Il s'agira, tout d'abord, d'organiser un dispositif diversifié d'hébergement permettant d'accueillir des mineurs 24 h sur 24 et de les éloigner « pendant la durée nécessaire [...] en raison de la gravité des faits commis ». En outre, un ou plusieurs foyers seront spécia lisés dans l'accueil des moins de 16 ans, dans chacun des 26 départements prioritaires.
L'une des ambitions est également de mieux articuler le secteur de psychiatrie infanto-juvénile avec les éducateurs de la PJJ. A ce sujet, un accueil spécifique pour les adolescents sera développé, lorsqu'il n'existe pas, dans les secteurs de psychiatrie des départements concernés.
Le gouvernement a également promis de renforcer les capacités d'accueil des placements familiaux, à hauteur de 150 places supplémentaires dès 1999. De même, dans les départements sensibles, il compte ouvrir de nouveaux foyers dans le secteur public et réserver des places dans le secteur associatif afin, précise-t-il, « d'assurer la prise en charge de 120 mineurs délinquants supplémentaires dès 1999 ». Quant aux dispositifs éducatifs renforcés, leur nombre devrait être porté de 13 à 20, fin 1999. Dernier engagement : des psychologues et des infirmières devraient être recrutés dans les foyers en vue de « faire le lien » avec les dispositifs de santé publique.
Le gouvernement souhaite améliorer les conditions de détention des mineurs, sachant que 3 495 mineurs ont été incarcérés en 1997. A cet effet, des petits quartiers de 20 à 50 places, réservés aux mineurs ou aux jeunes majeurs, devraient être créés ou réaménagés, en priorité en Ile-de-France. Et la carte pénitentiaire des quartiers pour mineurs revue. Là aussi, aucune date n'a été annoncée.
Il est également prévu de renforcer les personnels médicaux, socio-éducatifs et enseignants, au sein des établissements pénitentiaires prenant en charge les jeunes détenus.
Comment le gouvernement compte-t-il mettre en œuvre ses orientations ? Son intention est de les inscrire dans « une géographie prioritaire » en mobilisant les intervenants « autour d'un projet territorialisé ». Dans le cadre d'une programmation pluriannuelle, ses moyens - non encore définis - devraient être concentrés, en priorité, dans les villes des 26 départements les plus touchés par la délinquance.
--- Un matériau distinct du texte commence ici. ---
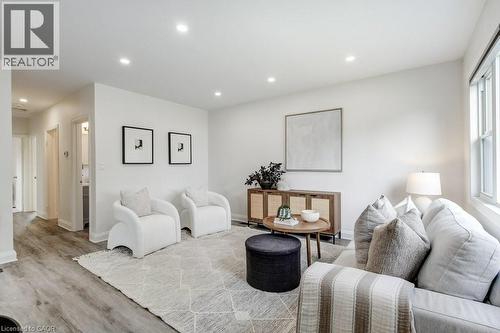 Living room - 202 Erindale Avenue, Hamilton, ON 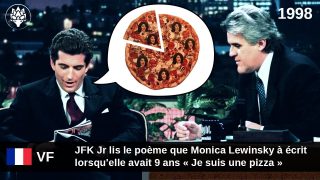 [VF] 1998 – JFK Jr lit le poème «Je suis une pizza» de Monica Lewinsky qu’elle a écrit à 9 ans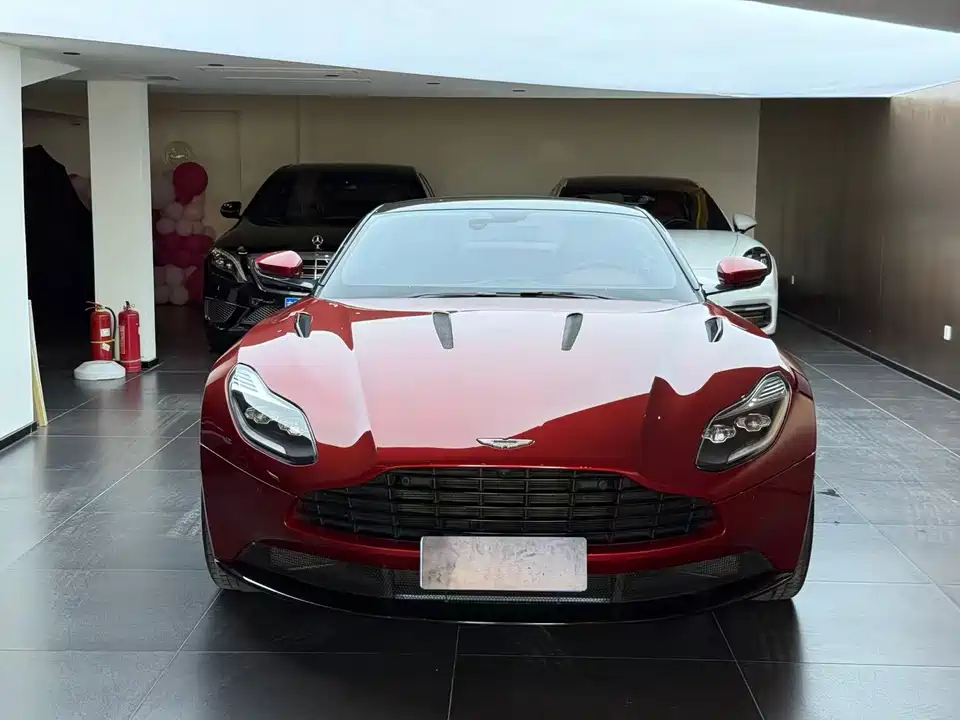 Aston Martin DB11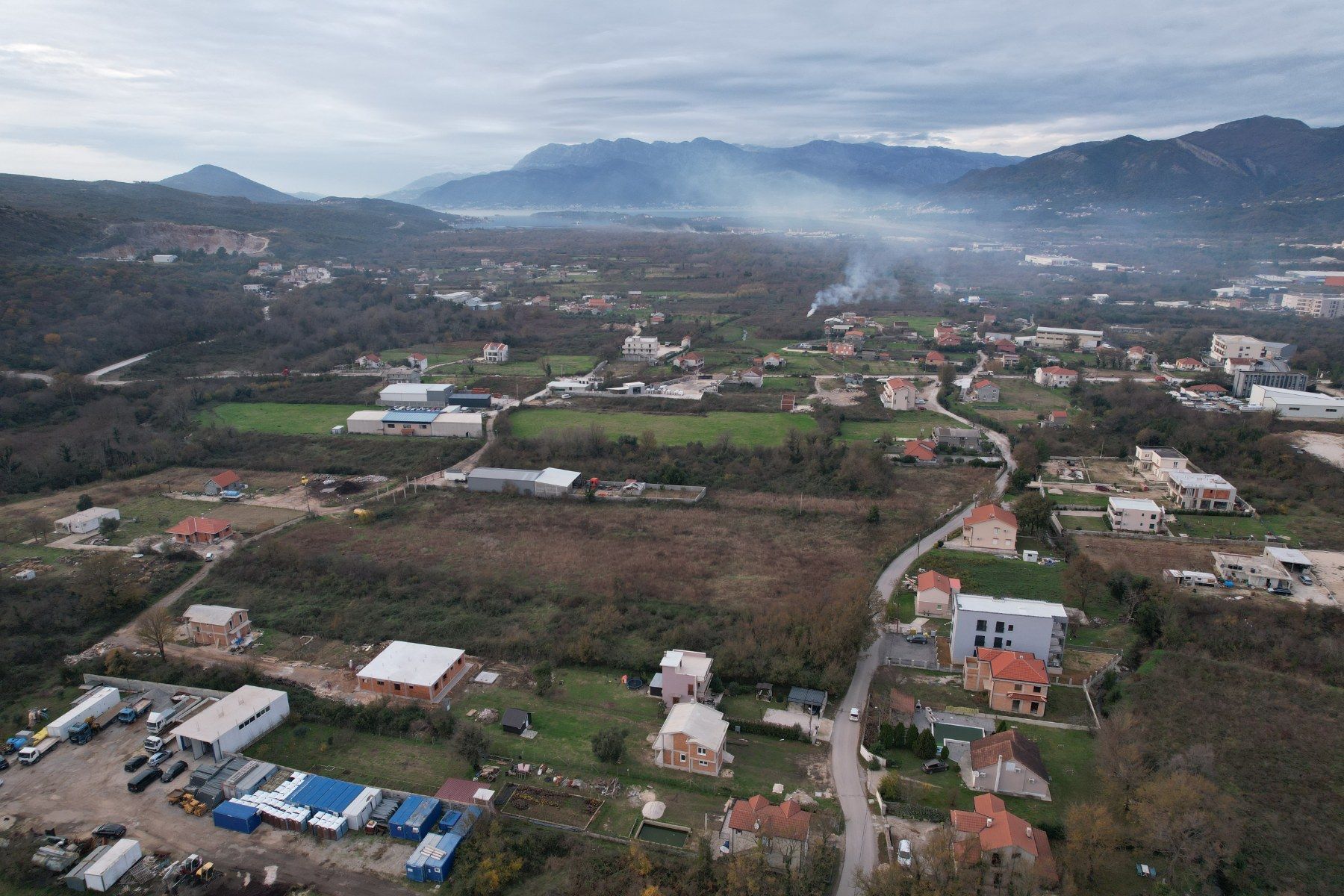 amforaproperty.com/Urbanizovani plac 3369m2 u Radanovićima,opstina Kotor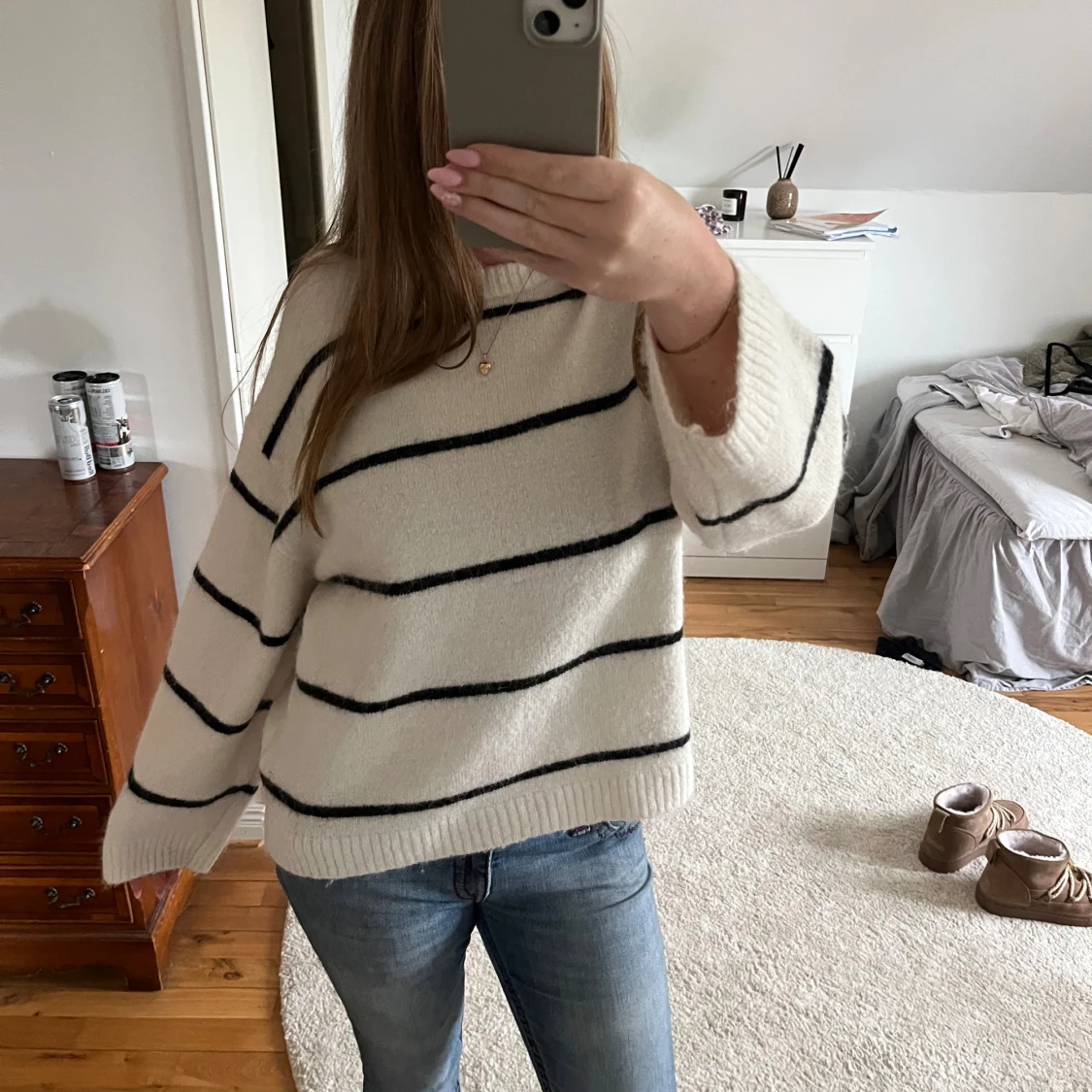 Vit randig stickad tröja - 1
Les interventions des services de l'Etat seront mieux coordonnées au niveau local. Ainsi, au sein de la police nationale, la compétence des brigades des mineurs devrait être étendue« au traitement de certains actes commis par les mineurs », en particulier en milieu scolaire dans les départements prioritaires. Et le nombre des brigades de prévention de la délinquance juvénile de la gendarmerie porté de 10 à 20 dès 1998. Parallèlement, dans chaque circonscription de sécurité publique, un« correspondant local police-jeune »sera chargé, notamment, de tenir un« tableau de bord » de la délinquance juvénile. Au-dessus de lui, un référent départemental centralisera l'ensemble des informations. Ce dispositif devant, également, être étendu à la gendarmerie. Enfin, un« effort massif » de formation est annoncé en direction des fonctionnaires participant au maintien de l'ordre et des formations communes seront ainsi instituées avec des professionnels sociaux, sanitaires et éducatifs, au niveau des quartiers.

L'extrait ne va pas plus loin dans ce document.